Der Übergang von der (sehr) versierten Amateurin bis zur Botschafterin lag nahe und fand Anfang März statt: Seit sie zum Commandeur de l’ordre des vins vaudois ernannt wurde, träumt Chandra Kurt nun davon den Chasselas zur Ikone des helvetischen Weinbaus zu befördern. Denn in vielen Ländern fungiert eine Rebe oder eine stellvertretenden Region als Botschafter über die eigenen Grenzen hinaus, wie der Riesling für Deutschland, der Piemont und die Toskana für Italien oder auch Das Burgund , das Bordelais und die Champagne für Frankreich.

Einen gemeinsamen Nenner für den Schweizer Weinbau zu finden erweist sich allerdings als komplizierter. Dies liegt an der Fragmentierung der Gebiete sowie an der grossen Anzahl der angebauten Rebsorten. Eine Schwierigkeit, die aber Chandra Kurt keine Angst einjagt. „Auf nationaler Ebene ist es unmöglich eine einzige Region zum Nachteil der anderen zu bevorzugen. Die Lösung ist im pflanzlichen Element zu finden. Der Chassalas ist meiner Meinung nach eine aussergewöhnliche Gelegenheit eine Rebsorte hervorzuheben, die typisch für unser Land ist und das Mosaik der Gebiete darstellt, wobei er ausserdem in ausreichender Menge vorhanden ist, um der Nachfrage zu genügen."

Pierre Keller ist begeistert

Eine Zielsetzung, die natürlich den lebhaften Präsidenten des Office des vins vaudois, Pierre Keller, begeistert mit der Überzeugung, dass die Fahne des Schweizer Weinbaus hoch über der internationalen Szene wehen sollte. „ Wenn wir dem Ausland ein klar lesbares Bild zeigen möchten, dürfen wir uns nicht verzetteln. In form des Chasselas verfügt die Schweiz über ein wirklich einzigartiges Produkt, was praktisch nur in unserem Land produziert wird. Wir sollten davon profitieren!"
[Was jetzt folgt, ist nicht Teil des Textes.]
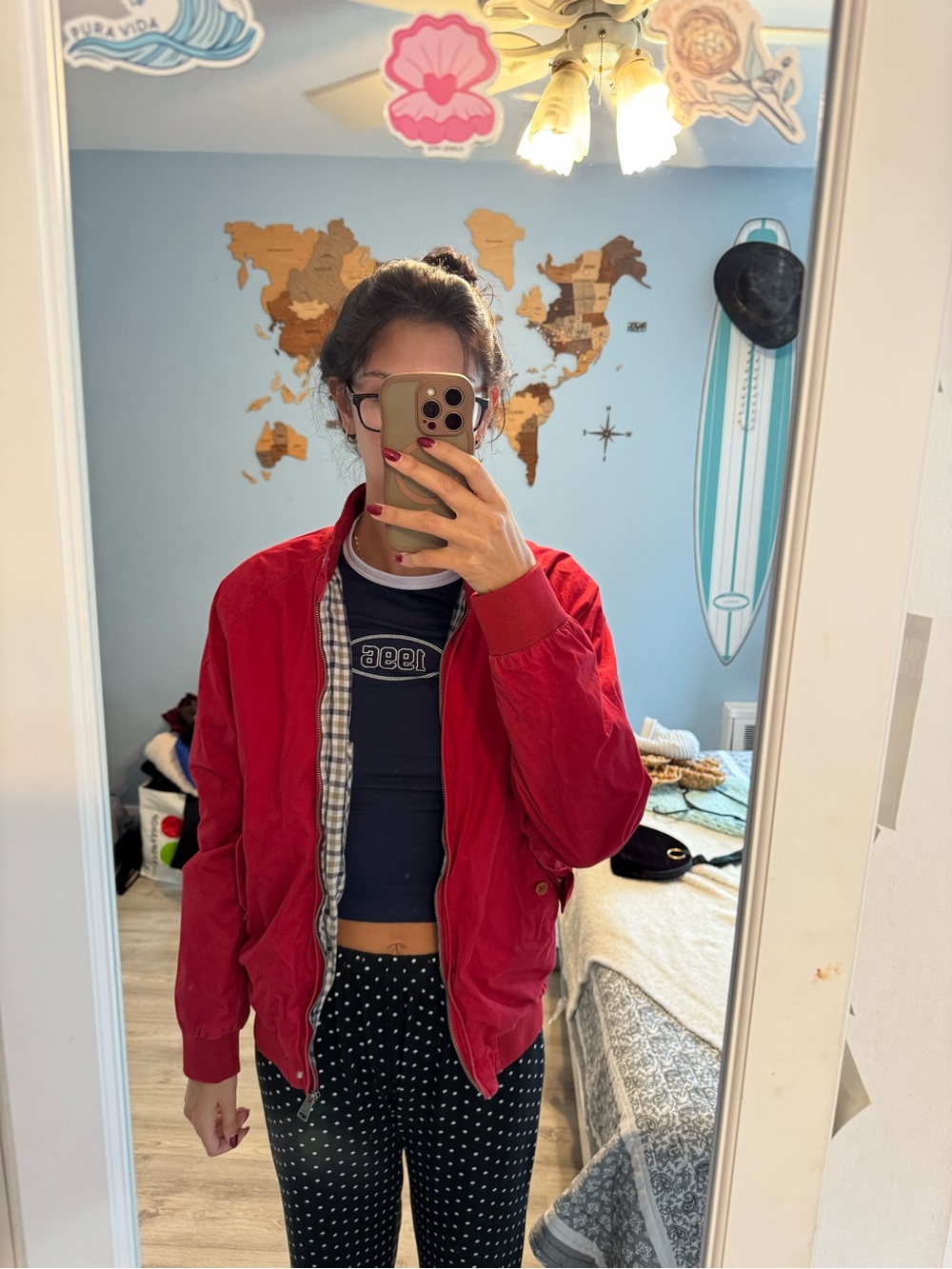 Ben Sherman Red Women's Bomber Jacket
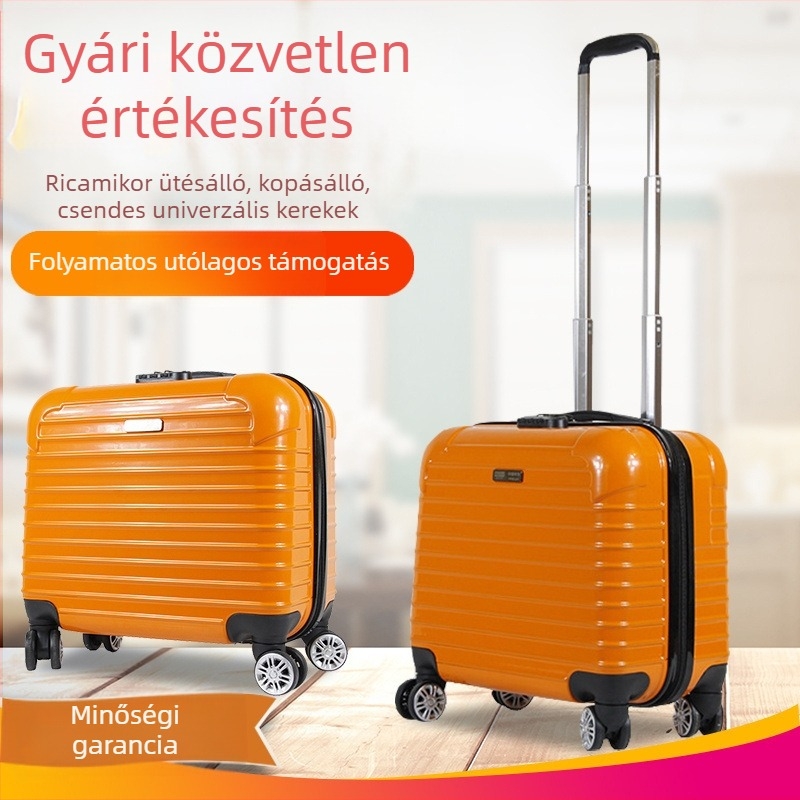 PC polikarbonát fényes utazótáska univerzális kerekekkel, cipzár nyitás, jelszavas zár, lopás elleni védelem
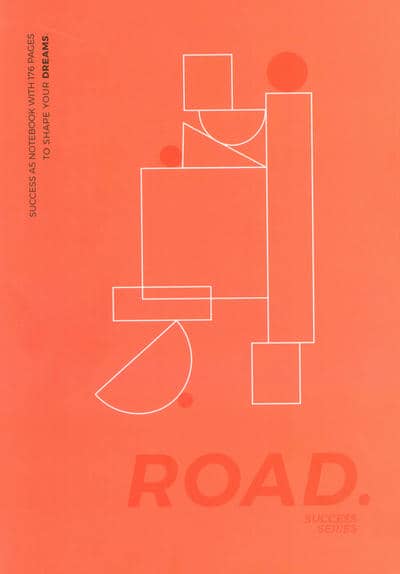 دفتر یادداشت خط دار  PASSION (طرح ROAD  کد 728)  (شمیز رقعی)
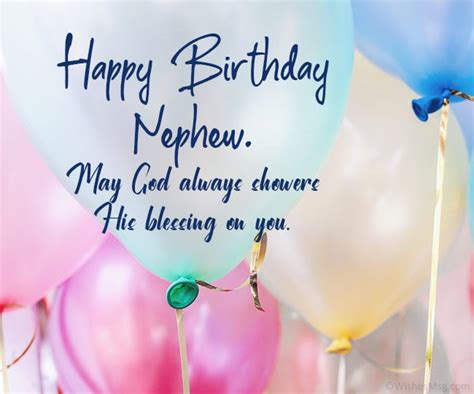 Happy Birthday Wishes For Nephew Wishesmsg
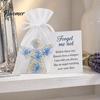 Real Dried Flower Keepsake Forget Me Not Angel Keepsake, Mini Acrylic Pocket Hug Figurine, Meaningful Encouragement Memorial Comfort Angels Gift with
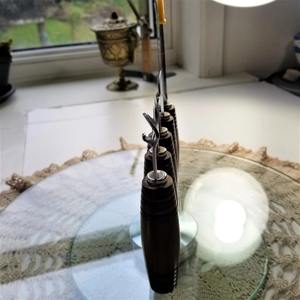 ชุดอุปกรณ์บาร์หรูหราพร้อมด้ามจับไม้ ดีไซน์ทันสมัยด้วยการตกแต่งโลหะ สำหรับใช้ในบ้าน เหมาะสำหรับผู้รักไวน์และการจัดเลี้ยง จากประเทศอินเดีย - Product Image 4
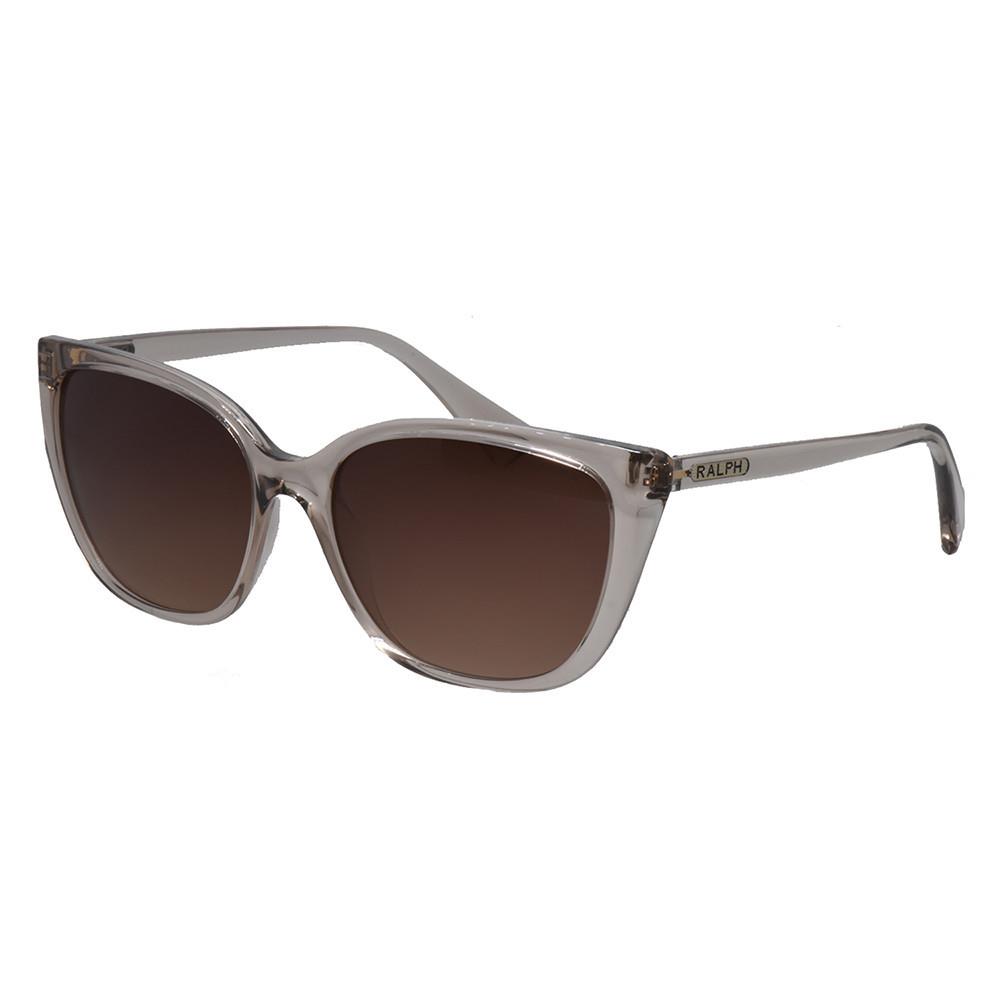 Ralph Lauren RA 5274 580213 Shiny Transparent Brown Plastic Sunglasses Brown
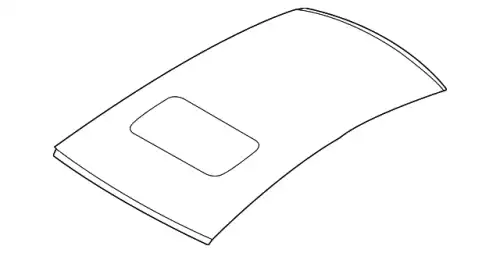 Крыша 8R0817017 VAG
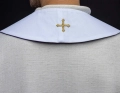 Stuła liturgiczna dwustronna fioletowo-biała z haftem IHS - KST/053/03-04/12 - HAF KST/053/03-04/12 - Dewocjonalia P.H. Jakóbczak - Katolicki sklep liturgiczny i hurtownia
Nach ihrer Rückkehr aus Shanghai wird Chandra Kurt ihren Zürcher Wohnsitz aufsuchen und sicher eine Menge Ideen und neue Perspektiven mitbringen. Aber, wie nach jeder Reise, wird sie zuerst ein Flasche Chasselas entkorken. „ In einer sich ständig weiterentwickelnden und immer komplexeren Welt verkörpert der Chasselas für mich eine Art wesentliche Einfachheit."

 

Profil
  • 1968 / Geburt in Colombo in Sri Lanka.
  • 2005 / Verantwortliche für den helvetischen Teil des „Oxford Companion on Wine" von Jannis Robinson.
  • 2012 / Beginn eines dokumentarischen Projekts der Beschreibung von Schweizer Weinen in Zusammenarbeit mit der Fotografin Patricia von Ah.
  • 2014 / Erscheinen ihres Buches „Von Féchy bis Dézaley " bei Orell Füssli in Zürich.